When attending a Customer Journey Mapping Workshop recently, I learned a very interesting and revealing lesson: not every touchpoint is equal and not every touchpoint has the same relevance for individual customers.
These kind of workshops outline, analyze and in the end try to optimize an exemplary customer journey of a client.
From touchpoint to touchpoint: a use case
Split in groups, we reflected on the various stages of a customer journey. In concrete terms, we worked on the customer journey of a young American woman, who aimed at getting from A to B by renting a trendy and at the same time cost-effective car. In order to achieve her goal, she used numerous touchpoints with the rental car company. This included both, touchpoints which could be influenced directly by the car enterprise, and touchpoints which could only be influenced indirectly.

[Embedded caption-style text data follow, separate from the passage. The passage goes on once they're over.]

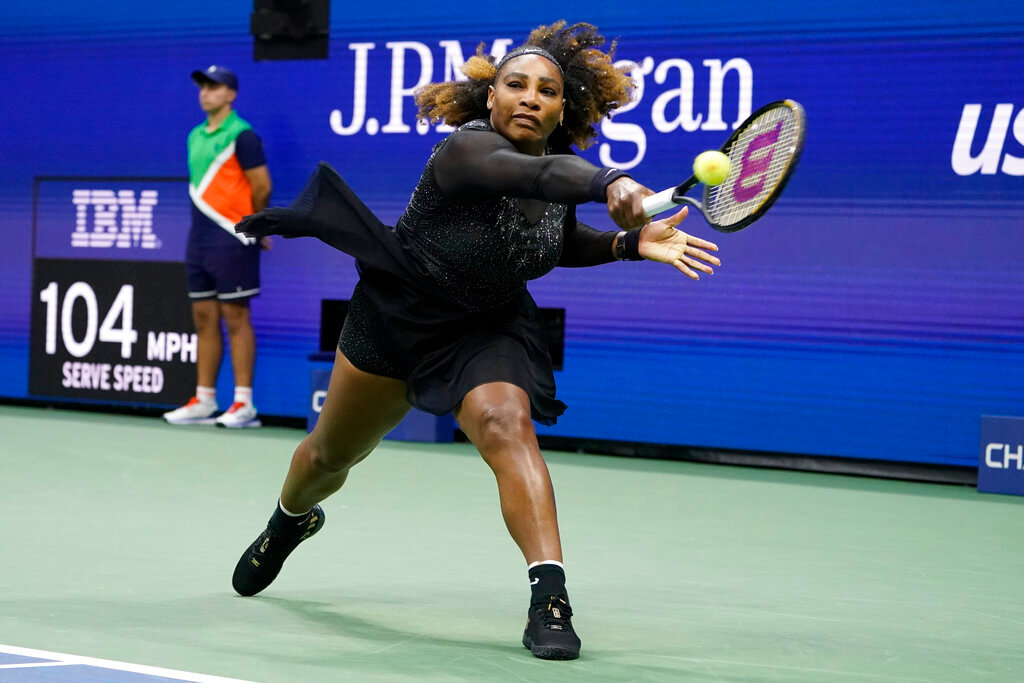 Serena Williams returns a shot to Anett Kontaveit, of Estonia, during the second round of the U.S. Open, Wednesday, Aug. 31, 2022, in New York. (AP Photo/John Minchillo)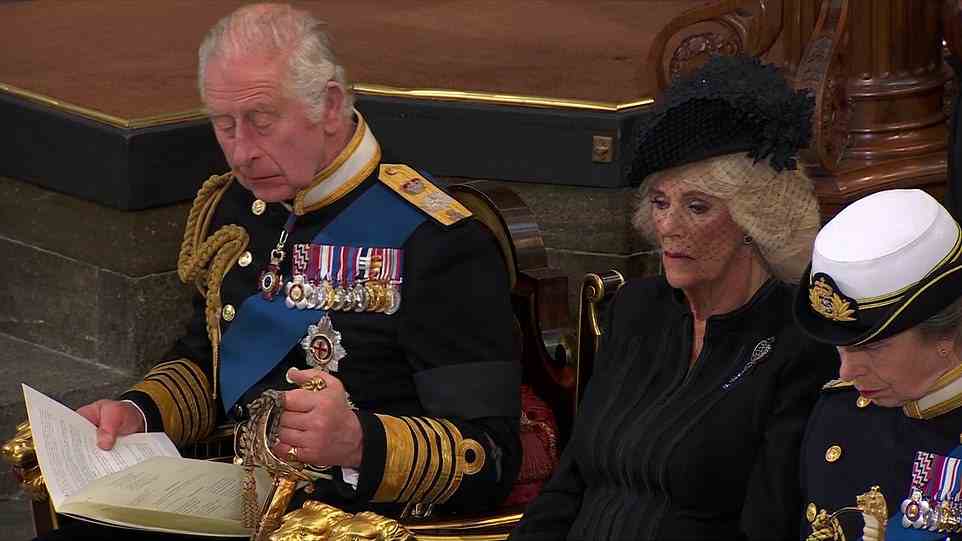 King Charles III was seen holding on to his sword as he listened to the Bible reading during his mother's funeral at Westminster
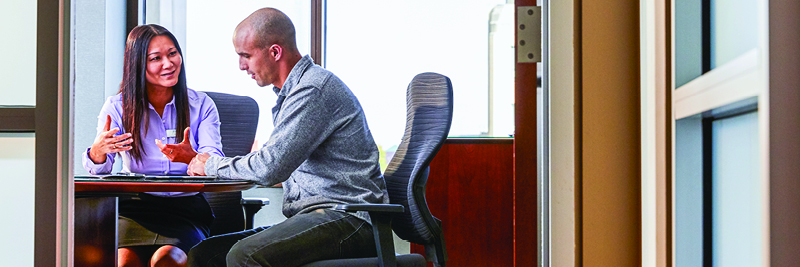 A man and a woman sit at an office table, talking.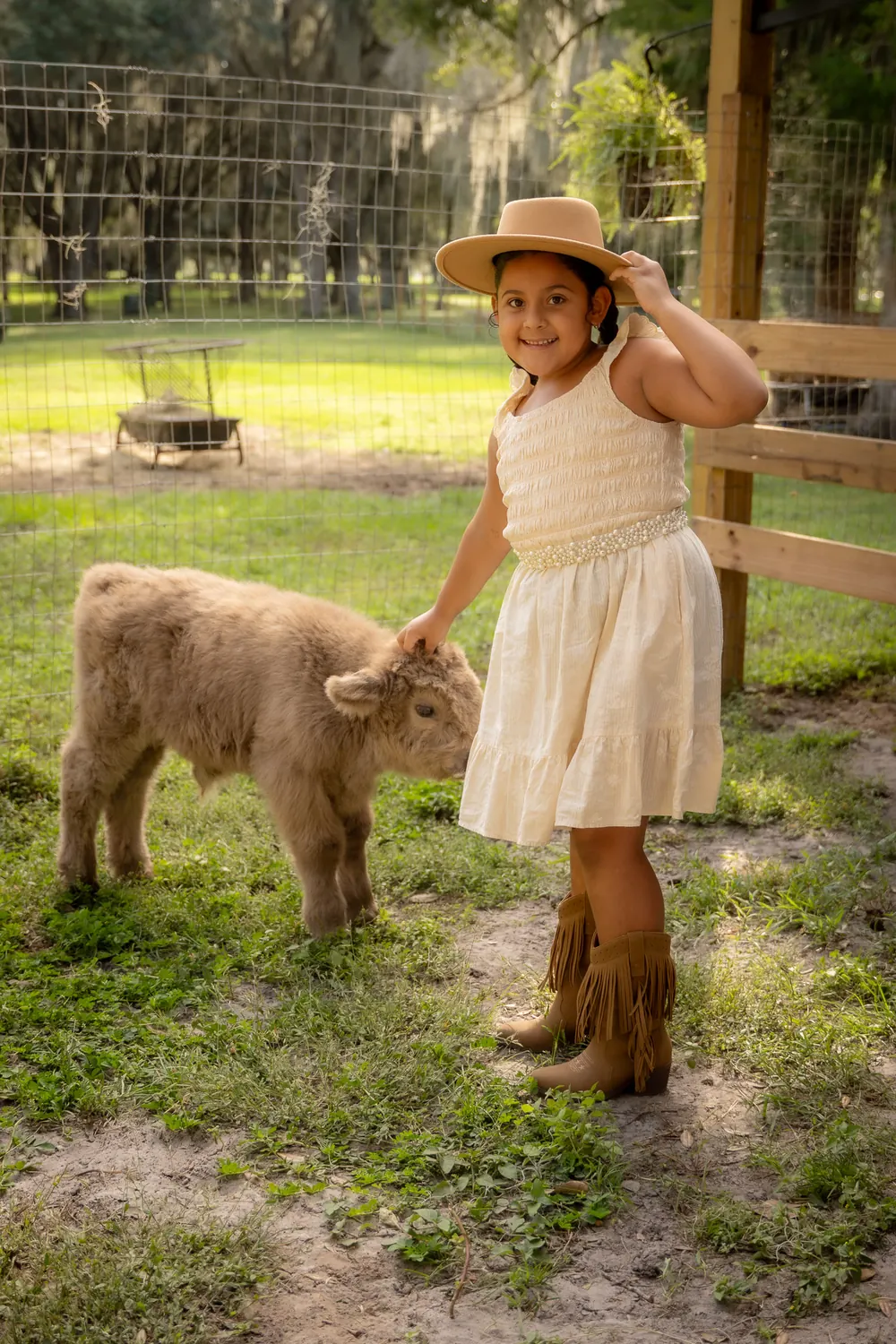 Girl in a cowboy hat petting a cream baby Highland calf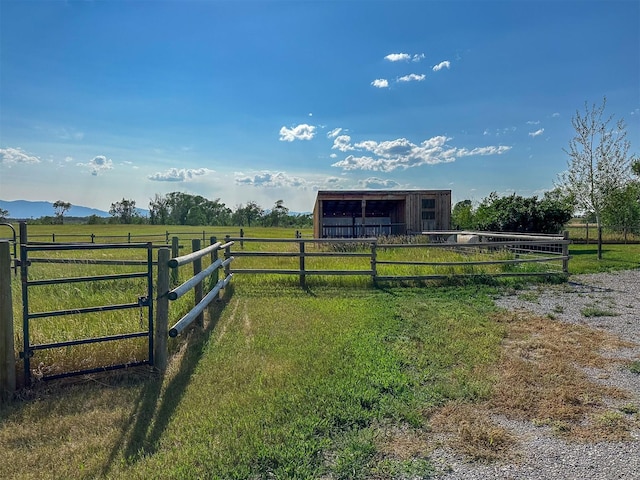 308 Dupuyer Creek Rd, Dupuyer, MT 59432 - view of yard featuring an outbuilding, a garage, a rural view, and an exterior structure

At first glance the challenge of getting a rental car for your weekend trip seems to be an easy one.
Well, the emphasis here is on the term “first glance”. In my group we addressed the overall process from acquisition stage and its associated touchpoints up to the final decision on a specific rental car company.

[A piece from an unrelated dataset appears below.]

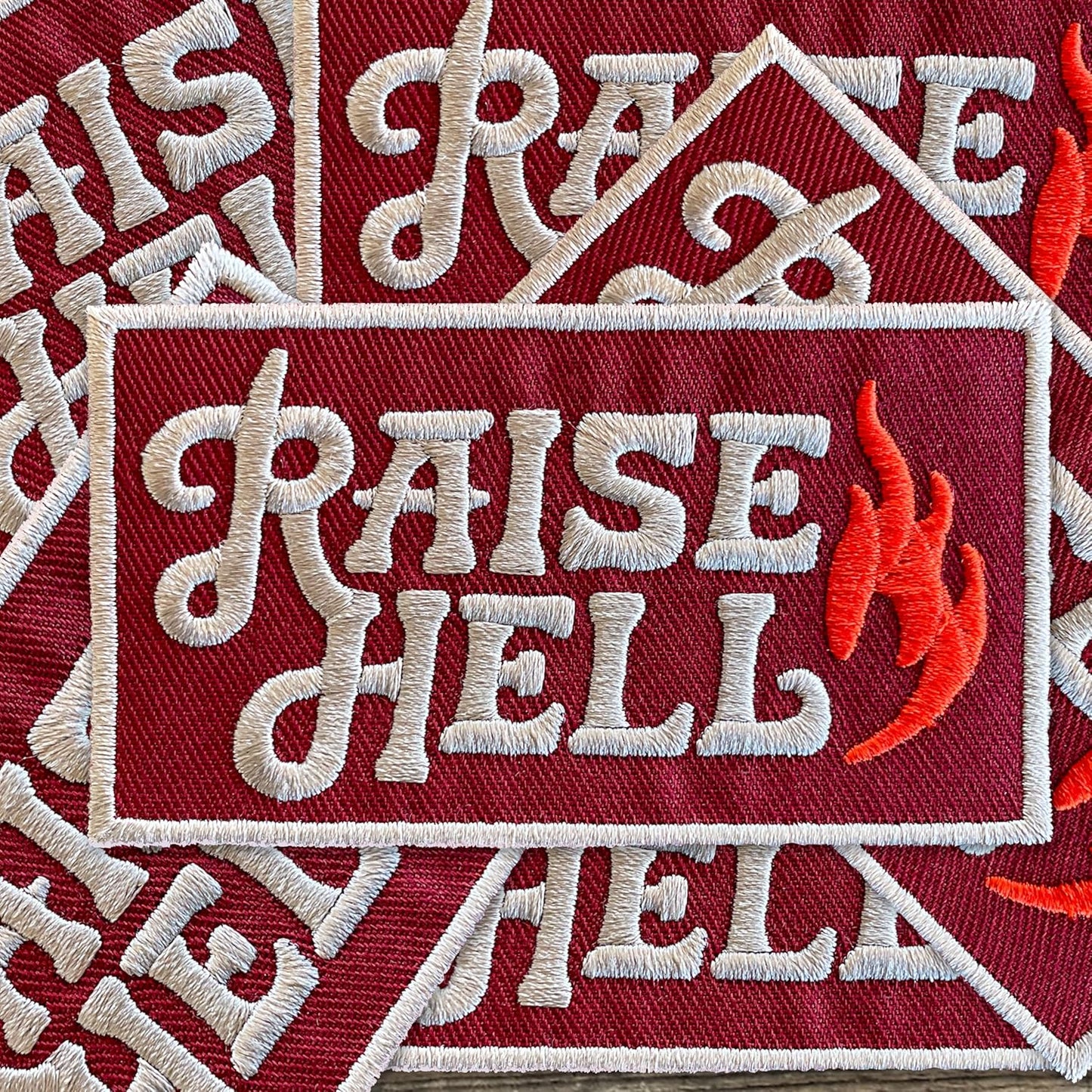 Raise Hell Embroidered Patch - Iron-On Patch For Trucker Hats & More 3.5" x 2"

Naturally, the company chosen paid much attention to factors like a good ranking in Google. Obviously also important to them was a well presented website and a wide-ranging vehicle fleet. But the real crucial point, the “moment that matters”, lay elsewhere.

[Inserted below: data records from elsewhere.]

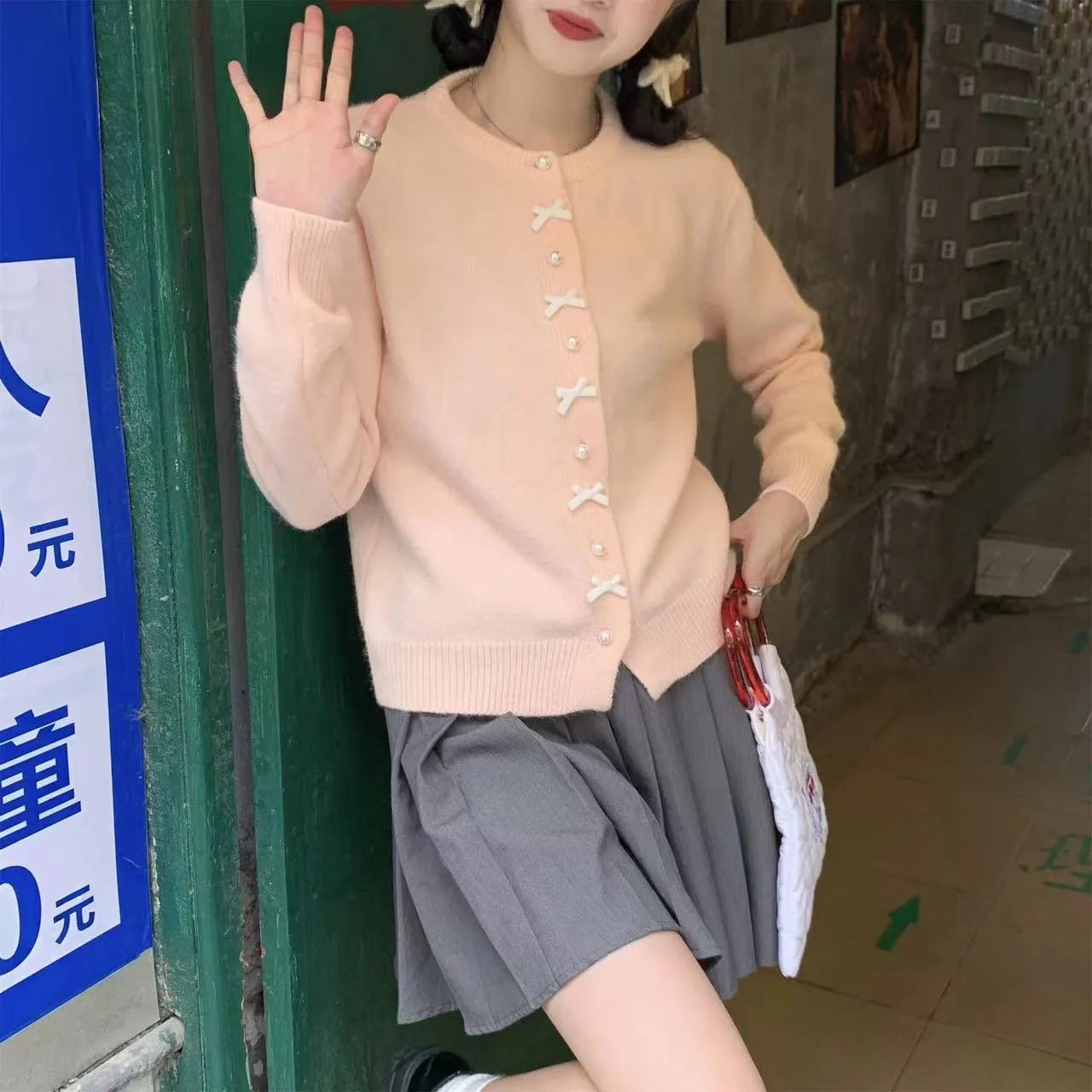 Women's solid colour cardigan with pearl buttons and bow pattern detail on cashmere-style fabric
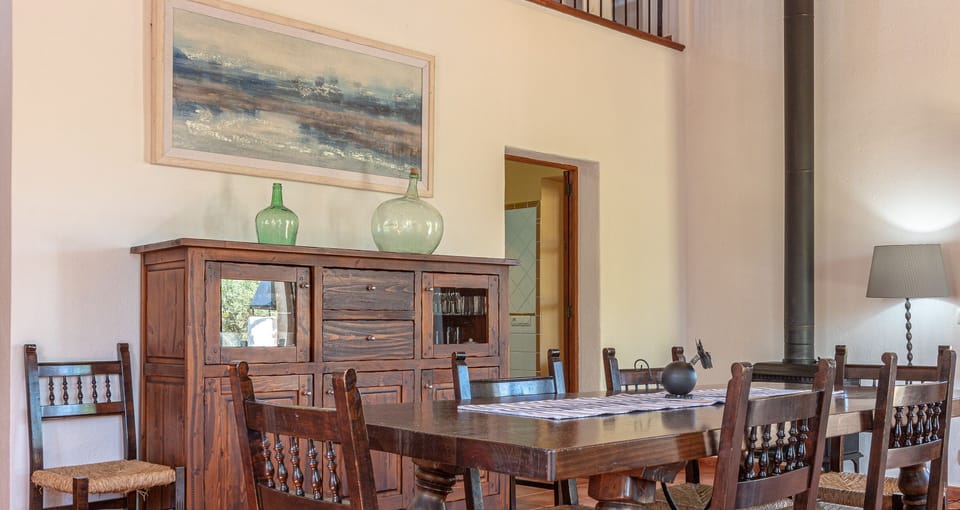 Rustic dining room with wooden table, Mallorcan chairs and wood-burning stove in a traditional finca.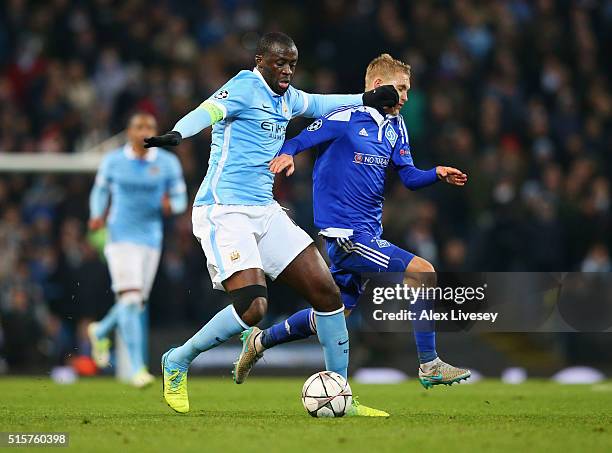 Yaya Toure of Manchester City holds off Vitaliy Buyalskiy of Dynamo Kiev during the UEFA Champions League round of 16 second leg match between...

Finding the “moment that matters“
The moment that matters might appear vanishing small and insignificant, but it results in shopping basket cancellations that every provider surely is confronted with again and again – something that could have been easily prevented.
As this process lacks one fundamental matter: transparency.
When the young woman in our example had chosen a vehicle, she was asked to fill in a form with her personal data, as is usual. After the confirmation of the entered data, she was requested to download an app and enter her data again before being able to complete the transaction.
The emotions this request evoked in her are easy to guess:
Astonishment, impatience, doubt and absolute incomprehension, why for heaven’s sake she would have to download the app and, even worse, enter all her personal data again.
All the emotions described do not bode well and surely do not contribute to a customer’s buying decision, nor to his recommendation of a service or product.
Yet, a clear reference to the app at the very beginning of the buying process or a brief step-by-step guide could have done wonders.
You are still waiting for the answer to my findings?
Well, sometimes it’s the small and seemingly unimportant things, such as a reference to the process flow of an online order (i.e. transparency), which can make the difference.